» **PROBLEM STATEMENT**: Answer with a number only, stating how many lines of the records hold the word "Black".

[[ SOURCE INFORMATION open ]]

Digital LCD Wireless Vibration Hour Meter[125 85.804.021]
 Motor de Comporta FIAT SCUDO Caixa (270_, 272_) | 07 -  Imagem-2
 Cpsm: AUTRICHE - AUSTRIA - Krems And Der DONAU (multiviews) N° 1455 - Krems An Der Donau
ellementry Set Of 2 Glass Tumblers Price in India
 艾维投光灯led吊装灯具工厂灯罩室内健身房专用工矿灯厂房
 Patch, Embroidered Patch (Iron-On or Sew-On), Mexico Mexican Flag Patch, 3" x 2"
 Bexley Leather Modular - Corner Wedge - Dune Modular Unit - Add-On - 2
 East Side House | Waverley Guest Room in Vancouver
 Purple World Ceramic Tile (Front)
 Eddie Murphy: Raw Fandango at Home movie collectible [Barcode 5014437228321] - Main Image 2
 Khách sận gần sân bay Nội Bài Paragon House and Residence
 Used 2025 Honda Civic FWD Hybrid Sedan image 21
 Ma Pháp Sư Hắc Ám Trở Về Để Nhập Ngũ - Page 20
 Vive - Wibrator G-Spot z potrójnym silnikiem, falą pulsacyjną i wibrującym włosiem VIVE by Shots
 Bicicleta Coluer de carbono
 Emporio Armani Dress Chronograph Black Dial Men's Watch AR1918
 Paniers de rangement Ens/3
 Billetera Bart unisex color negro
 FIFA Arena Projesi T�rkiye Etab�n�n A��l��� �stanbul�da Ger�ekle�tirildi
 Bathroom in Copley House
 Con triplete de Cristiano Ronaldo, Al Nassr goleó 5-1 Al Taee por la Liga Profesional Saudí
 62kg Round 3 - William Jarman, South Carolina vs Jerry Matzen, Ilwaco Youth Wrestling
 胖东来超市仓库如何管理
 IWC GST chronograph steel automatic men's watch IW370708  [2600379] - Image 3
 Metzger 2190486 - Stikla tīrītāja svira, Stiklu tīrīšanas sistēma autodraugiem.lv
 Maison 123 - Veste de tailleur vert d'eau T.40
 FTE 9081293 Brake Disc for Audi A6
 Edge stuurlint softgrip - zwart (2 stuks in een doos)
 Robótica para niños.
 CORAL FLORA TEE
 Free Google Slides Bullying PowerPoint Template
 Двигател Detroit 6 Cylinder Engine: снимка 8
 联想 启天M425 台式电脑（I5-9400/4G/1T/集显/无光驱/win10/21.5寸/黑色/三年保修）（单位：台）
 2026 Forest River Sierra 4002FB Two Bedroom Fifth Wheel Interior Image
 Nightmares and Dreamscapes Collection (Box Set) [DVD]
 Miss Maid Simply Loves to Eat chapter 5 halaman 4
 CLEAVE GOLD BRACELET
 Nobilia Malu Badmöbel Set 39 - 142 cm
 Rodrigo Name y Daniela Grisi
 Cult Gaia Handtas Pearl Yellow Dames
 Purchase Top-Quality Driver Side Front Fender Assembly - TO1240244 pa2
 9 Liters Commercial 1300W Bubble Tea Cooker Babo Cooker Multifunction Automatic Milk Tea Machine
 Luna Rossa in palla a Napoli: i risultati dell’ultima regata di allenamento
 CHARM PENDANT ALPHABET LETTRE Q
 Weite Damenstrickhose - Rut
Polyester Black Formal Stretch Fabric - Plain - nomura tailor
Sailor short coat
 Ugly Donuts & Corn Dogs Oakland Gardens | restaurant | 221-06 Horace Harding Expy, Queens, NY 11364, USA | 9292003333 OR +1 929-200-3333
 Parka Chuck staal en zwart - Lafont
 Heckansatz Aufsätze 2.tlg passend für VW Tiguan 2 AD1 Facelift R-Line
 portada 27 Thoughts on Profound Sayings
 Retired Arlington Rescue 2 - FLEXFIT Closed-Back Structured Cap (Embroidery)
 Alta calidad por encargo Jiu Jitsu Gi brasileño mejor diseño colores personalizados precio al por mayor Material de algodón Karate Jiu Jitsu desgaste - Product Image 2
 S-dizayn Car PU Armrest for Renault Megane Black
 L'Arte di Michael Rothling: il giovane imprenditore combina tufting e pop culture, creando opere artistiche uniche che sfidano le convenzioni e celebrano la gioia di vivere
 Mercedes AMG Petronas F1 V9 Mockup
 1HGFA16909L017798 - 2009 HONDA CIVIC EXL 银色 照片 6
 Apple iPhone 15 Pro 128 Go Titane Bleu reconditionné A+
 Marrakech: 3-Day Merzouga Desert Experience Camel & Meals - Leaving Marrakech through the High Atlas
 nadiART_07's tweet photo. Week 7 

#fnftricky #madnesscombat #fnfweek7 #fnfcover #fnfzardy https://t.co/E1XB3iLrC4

[[ SOURCE INFORMATION closed ]]

» **SOLVED EXERCISE**: 3